At the launch of the iPhone 5c, which replaced what many assumed would be the iPhone 5 offered at a more affordable price, Apple insisted that it believed there was a distinct market for a more playful, colorful device. Now, however, the company is said to be warning suppliers Pegatron and Hon Hai’s Foxconn that it won’t need anywhere near as many handsets in Q4 as previously expected.
The cuts impact Pegatron the most, since the company produces the bulk of the iPhone 5c handsets Apple buys; that agreement was initially seen as a positive one for the firm, stealing Apple orders out from under arch-rival Foxconn. Pegatron’s production will be cut by “less than 20-percent” sources say, while Foxconn – which is believed to produce around a third of the handsets – will be tasked with making a third less than previously ordered.
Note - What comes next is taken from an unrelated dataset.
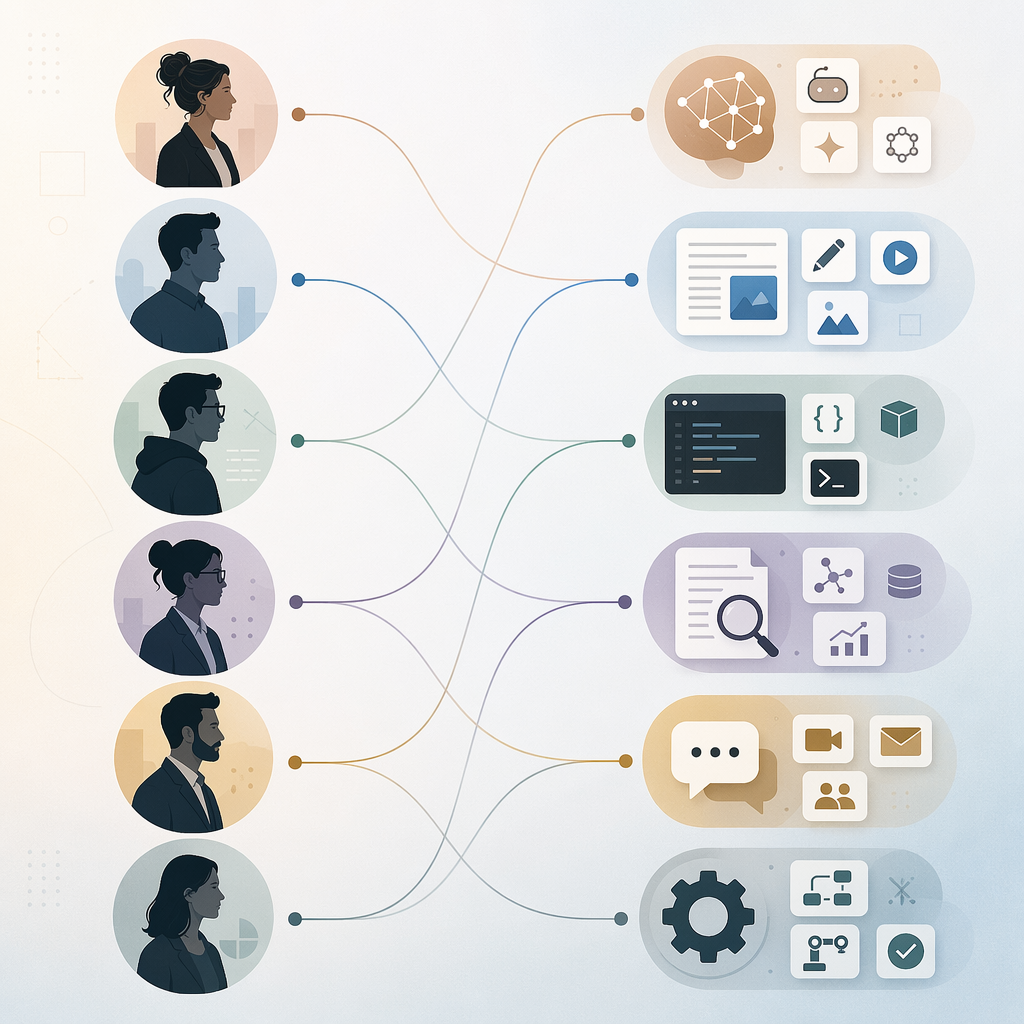 Role-to-tool matching matrix connecting professional roles to AI tool clusters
Orders of parts are said to have been halved from individual suppliers, which could either indicate a stockpile of components that needs to be worked through, or that Apple expects the overall production rate of the iPhone 5c to remain reduced for some time into 2014.
Apple confirmed initial sales figures for the newest iPhone line-up, but declined to detail numbers for individual models. That hasn’t stopped analysts from making their own predictions: they generally range from Consumer Intelligence Research Partners guesstimate of 2-to-1, AllThingsD reports, through to 2.5-to-1 according to Canaccord Genuity, Reuters reports.
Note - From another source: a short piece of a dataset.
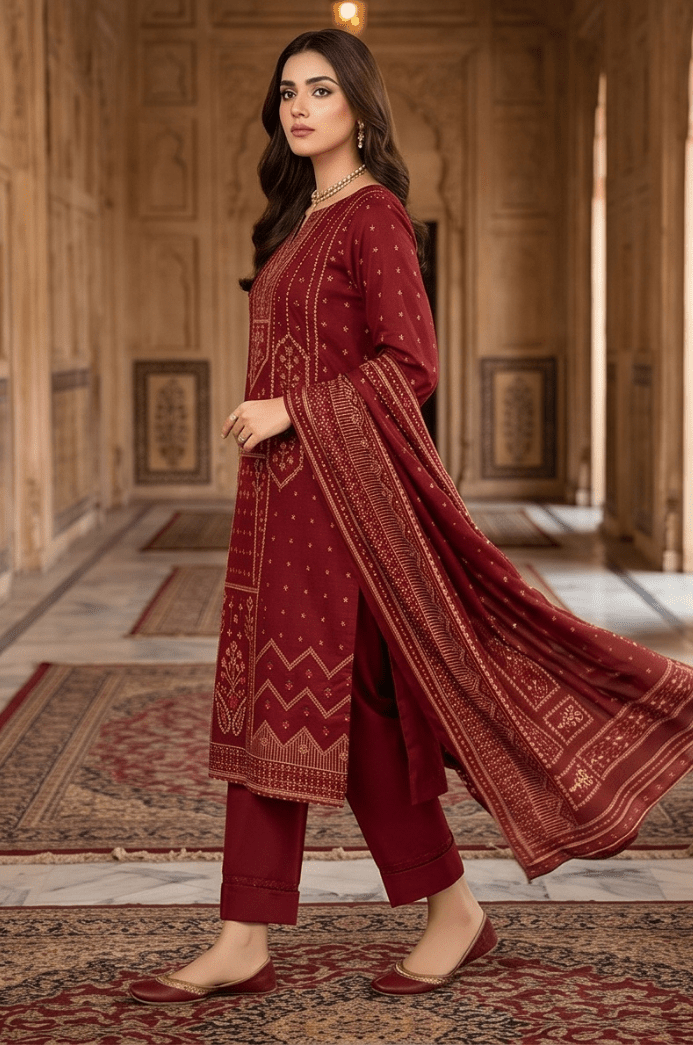 3 Piece Lawn Unstitched Suit With Voile Lawn Dupatta - 5017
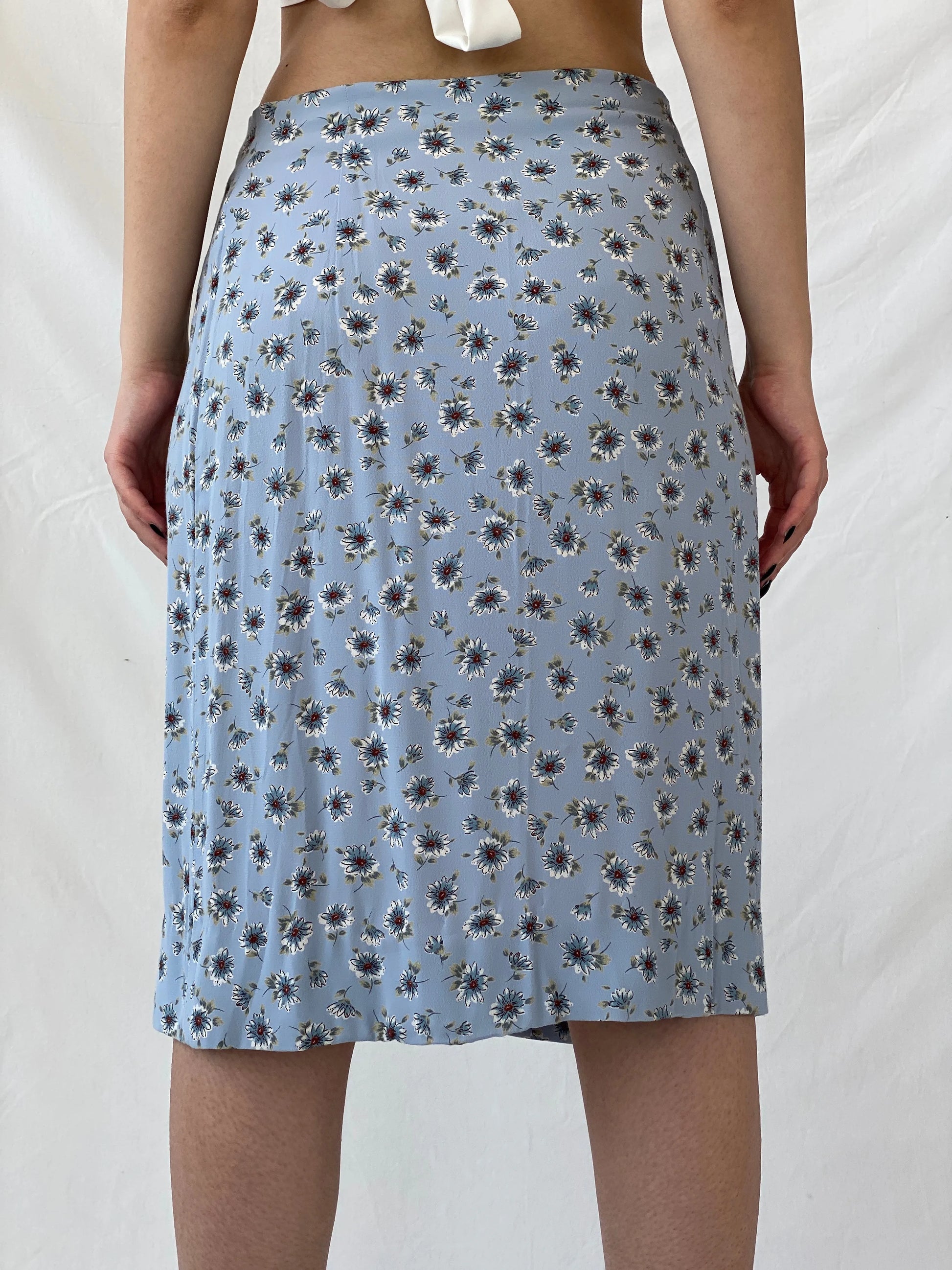 Beautiful Marks & Spenser Floral Blue Midi Wrap Fairycore Skirt - L - Balagan Vintage Midi Skirt Ayah, floral, midi skirt, skirt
The wavering interest raises questions as to whether Apple segued too closely into the realm of “cheap iPhones”, despite comments by Phil Schiller earlier this year that the company would stick to its premium approach. A budget device “will never be the future of Apple’s products” Schiller insisted back in January, pointing out that while the company may have 20-percent of the phone market, it also gets 75-percent of the profit, and would be unlikely to do anything to undermine that ratio.
Still, it’s also possible that Apple’s mistake was expecting a brand new – albeit effectively a redressed iPhone 5 – handset would do considerably better than the iPhone 4S did in 2012, when it was shifted from flagship position down to the mid-tier point. Numbers from Consumer Intelligence Research Partners indicate 64-percent of buyers opted for the iPhone 5s while 27-percent went for the iPhone 5c (9-percent opting for the iPhone 4S, now offered free on contract) this year.
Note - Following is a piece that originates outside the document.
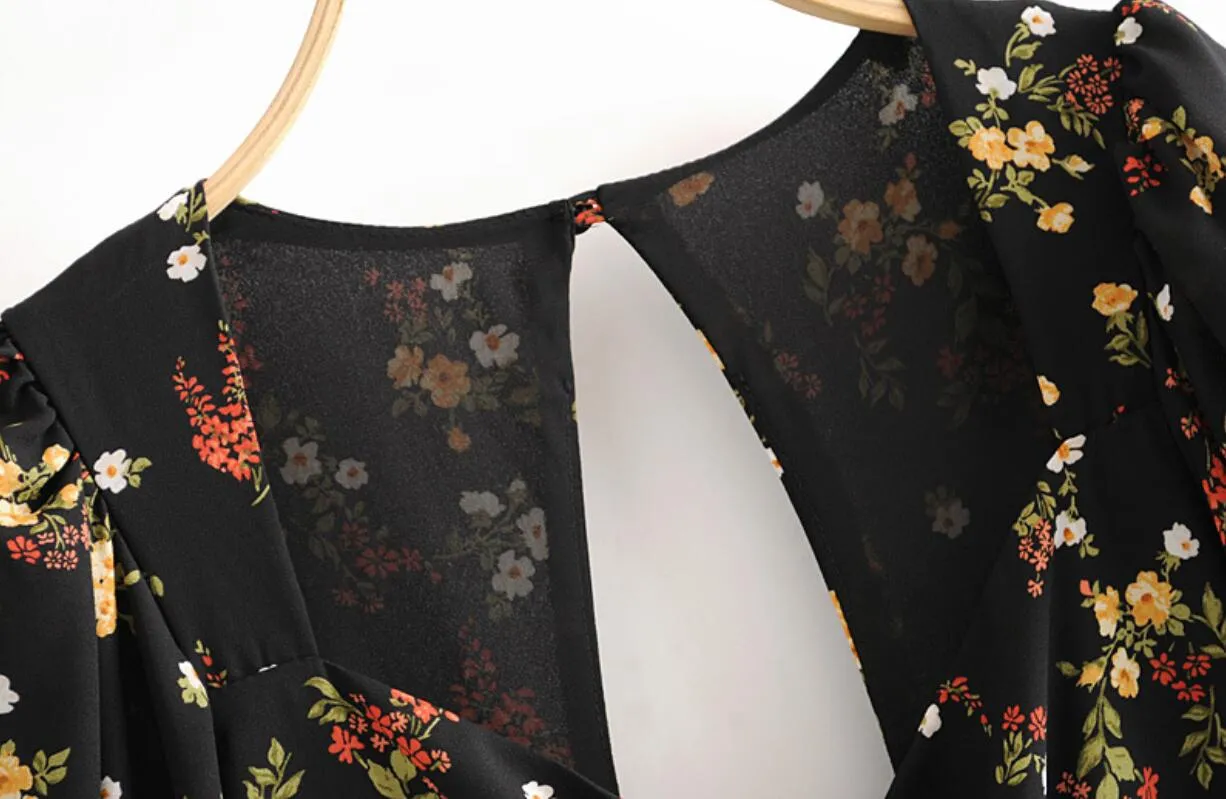 Boho Midi Dress, Midnight Black Garden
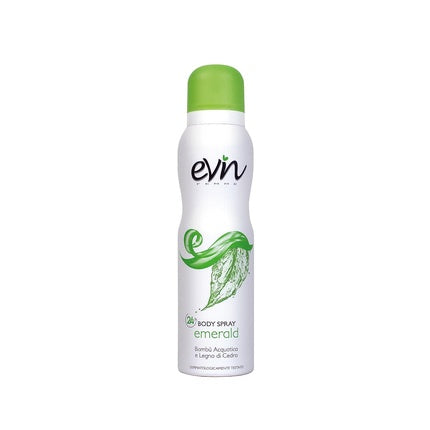 Evin Femme Deodorant for Women Spray Emerald Aquatic Bamboo and Cedarwood 24h Active Formula Dermatologically Tested 150ml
In 2012, however, the analysts say 68-percent of the early sales were for the iPhone 5, with 23-percent opting for the $99-on-contract iPhone 4S, and 9-percent for the free-on-contract iPhone 4. The iPhone 5c seems to have done a little better than the iPhone 4S did last year, but not significantly so, suggesting that Apple’s expectations that the market would want color were over-ambitious.